What's even more appalling is the ambivalent reaction: "Ethicists say case unclear," reports the Wausau Daily Herald. The Herald quoted bioethicist Dr. Norman Fost of the University of Wisconsin Medical school warning that it's important not to be moralistic or pass judgment on parents who think they can heal a child through prayer: "They believe they're helping their child; they love their child, and they believe prayer has an effect."
However deluded the parents may be, the rest of us need not countenance or indulge that dangerous delusion.
Dean Zuleger, the administrator of the Village of Weston, was quoted by the Milwaukee Journal Sentinel saying, "There is a general sense of grief and sadness.

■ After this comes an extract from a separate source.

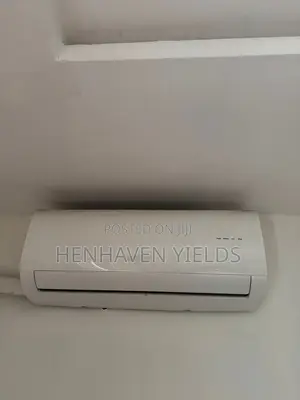 Bruhm Air Conditioner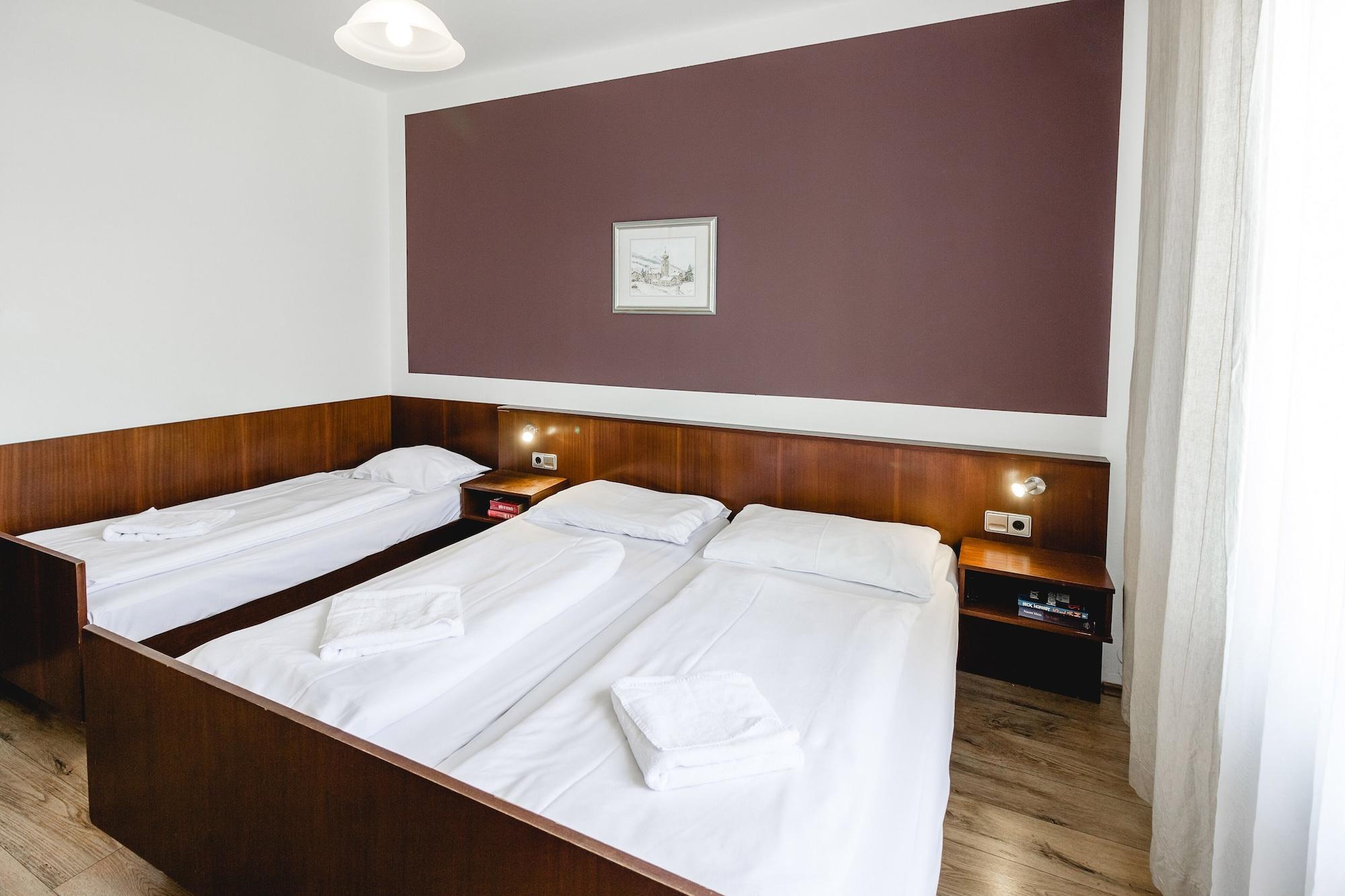 Hotel Hoffinger Wien Eksteriør bilde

Because I know the family a bit, there is a great deal of concern for their well-being." The parents' well-being?
"Death draws out difficult issues" read a headline in the Journal Sentinel. While Madeline's drawn-out death, involving nausea, vomiting, excessive thirst, weight loss and weakness, is very difficult to read about, there is nothing difficult at all about deciding where the blame lies. "The prayer of faith will heal the sick," according to James 5:15. The fault lies in society's laudatory attitude toward a "holy book" which teaches superstition and faith-healing, whose passages are latched onto by bible literalists, and whose obedience to such injunctions has been given a pass in the criminal statutes of many states.

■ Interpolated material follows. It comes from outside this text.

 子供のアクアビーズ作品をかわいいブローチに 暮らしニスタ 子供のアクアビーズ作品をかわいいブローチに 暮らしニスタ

The mother, Leilani Neumann, of Weston, Wis., publicly announced: "We need healing. We are going through the healing process." What about the healing process her daughter required? This helpless dependent of a middle-class family had last seen a doctor at the age of three, and recently had been pulled out of public schools for religious home-schooling, possibly to cover up symptoms of her illness, which, according to medical experts, would have surfaced at least six months ago.

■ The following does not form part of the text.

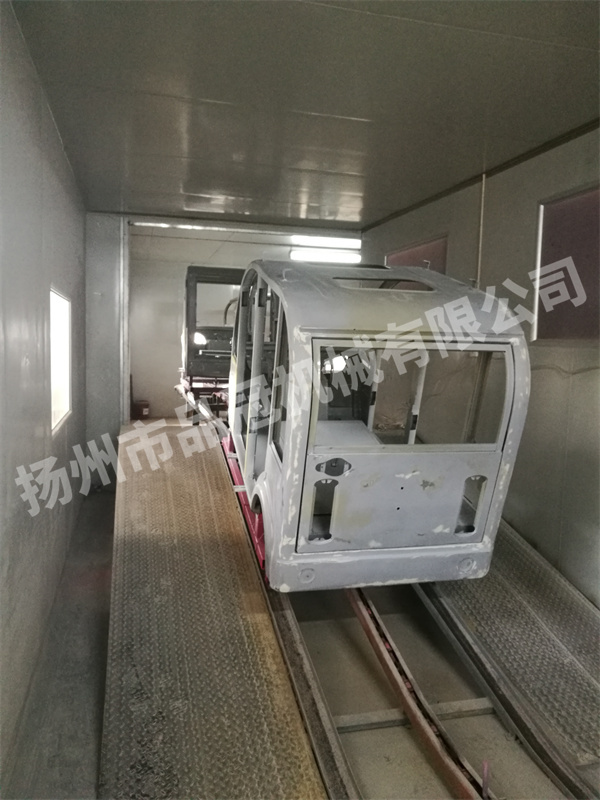 油漆喷涂设备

Legally, the question will revolve over whether the family recognized the seriousness of the illness. A chronology has emerged which belies the family's claim that they did not realize how sick Madeline was, including logs of their calls around the country to relatives (who notified authorities just before her death that Madeline was seriously ill) and to David Eels, whose Unleavened Bread Ministries operates AmericasLastDays.com. Eels, of Pensacola, Fla., admitted he prayed for Madeline the day before she died, and that the family phoned him Sunday, as they followed an ambulance with their dead daughter to the hospital, asking him "if I would pray that the Lord would spare her and raise her up, which I did."
Leilani Neumann told reporters she and her husband are not worried about an investigation because "our lives are in God's hands. We know we did not do anything criminal. We know we did the best for our daughter we knew how to do."
Their "best" was not good enough. Nor is the religious exemption provided for by Wisconsin statutes, similar to what many states have adopted under pressure of the Christian Science lobby. What they don't realize is that doing nothing to help their daughter is parental negligence, which is criminal. The parents can still be charged, at least with some form of negligence or child abuse. But more action is required.
As a memorial to the painful, frightening and needless death of Madeline Kara Neumann, the Wisconsin Legislature needs to finally show some gumption, and remove from the statutes its callous exemption sanctifying child homicide in the name of faith.